Among the lines of data below, reproduce only those from the one with "Fall Open House" through the one with "Autumn Winter Baby Knitted Cardigan — Swuffy", exactly as they stand, both ends included.

EXERCISE MATERIAL Start Marker

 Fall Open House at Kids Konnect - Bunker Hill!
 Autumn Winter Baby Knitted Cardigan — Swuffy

EXERCISE MATERIAL End Marker
EXERCISE MATERIAL Start Marker

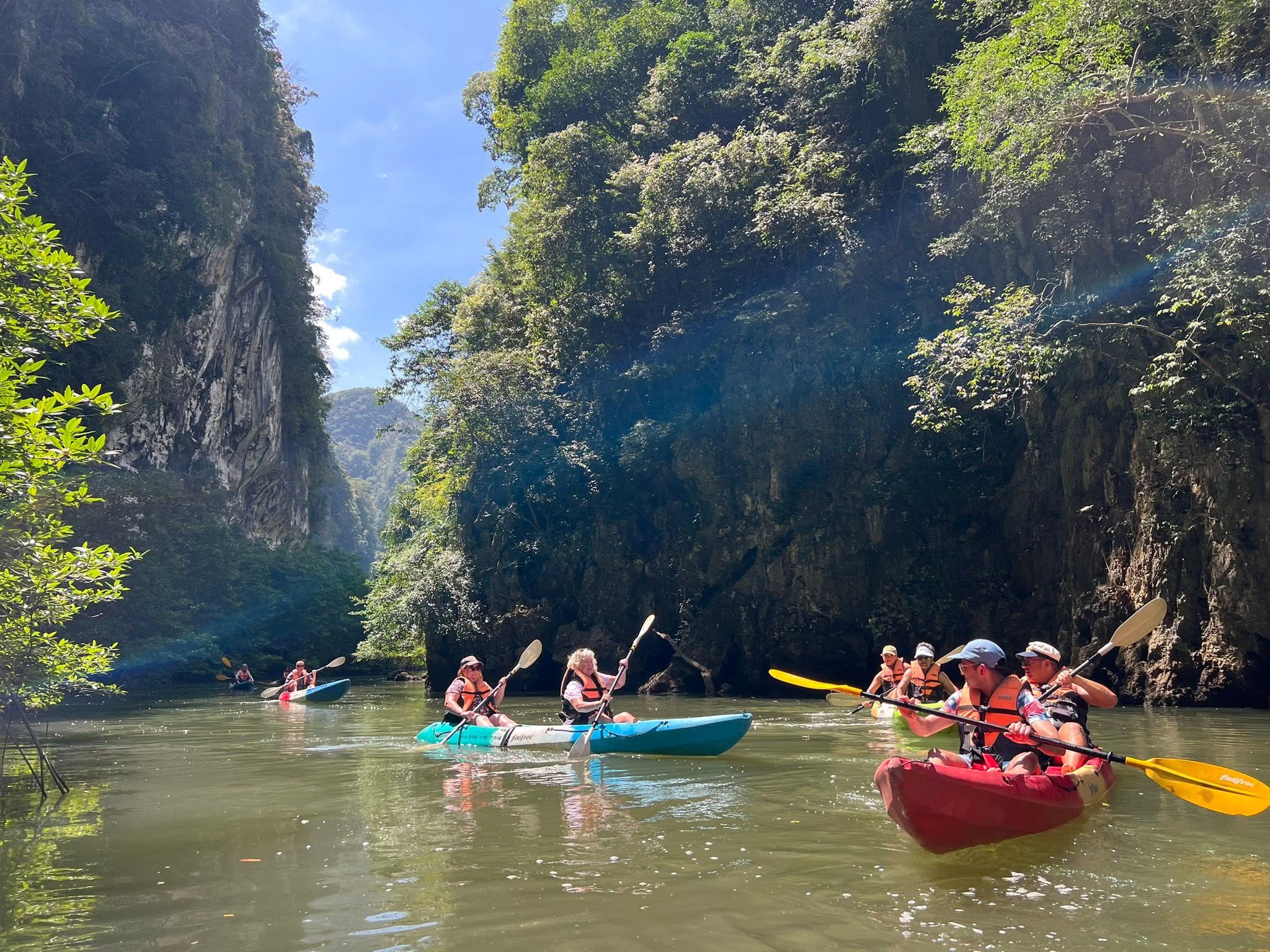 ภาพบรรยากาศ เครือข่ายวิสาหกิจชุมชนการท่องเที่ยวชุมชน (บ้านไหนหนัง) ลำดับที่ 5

EXERCISE MATERIAL End Marker

## WRITTEN RESPONSE
 Fall Open House at Kids Konnect - Bunker Hill!
 Autumn Winter Baby Knitted Cardigan — Swuffy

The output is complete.